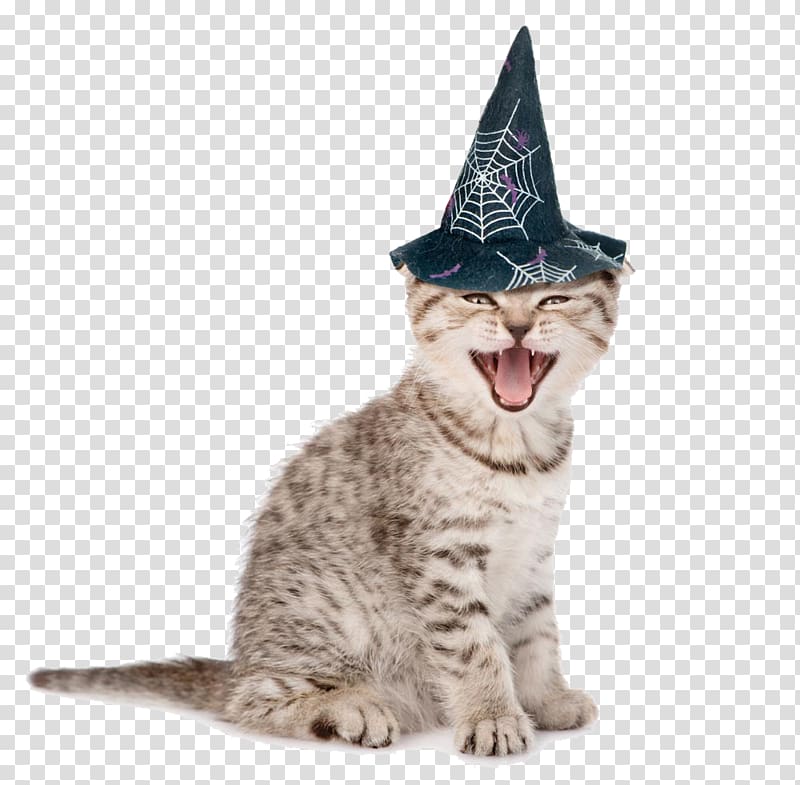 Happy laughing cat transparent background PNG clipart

***

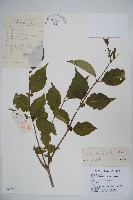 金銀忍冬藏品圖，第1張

***

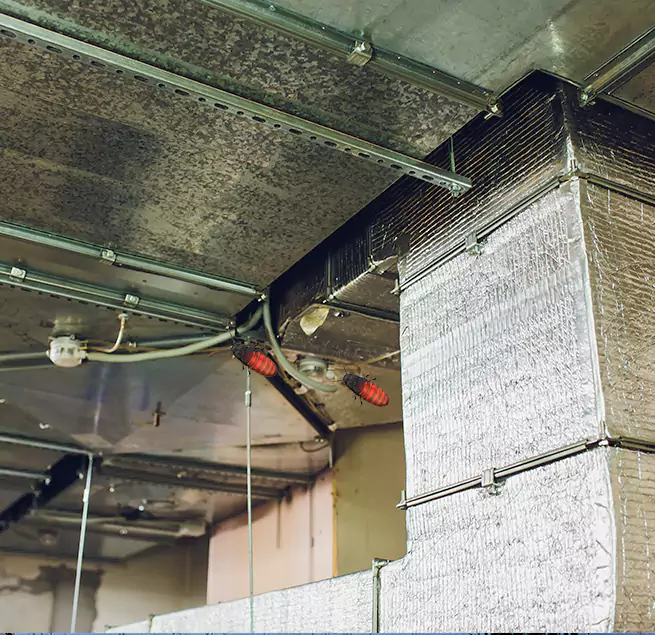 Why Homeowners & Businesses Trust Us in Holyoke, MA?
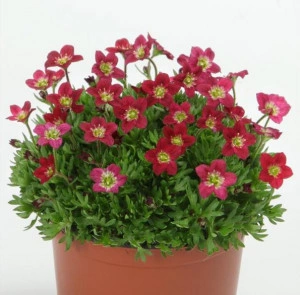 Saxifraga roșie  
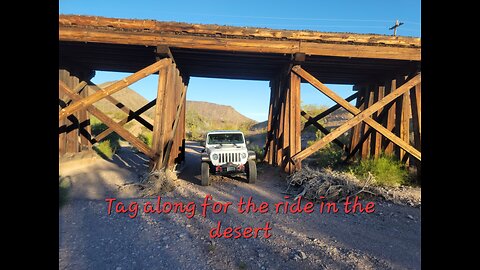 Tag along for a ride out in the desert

***

#### Aim of the exercise:
The lines above from the line with "Saxifraga roșie" through the line with "Tag along for a ride out in the desert" are to be given again word for word, with no pictures among them.

#### Solution to the problem:
 Saxifraga roșie  
 Tag along for a ride out in the desert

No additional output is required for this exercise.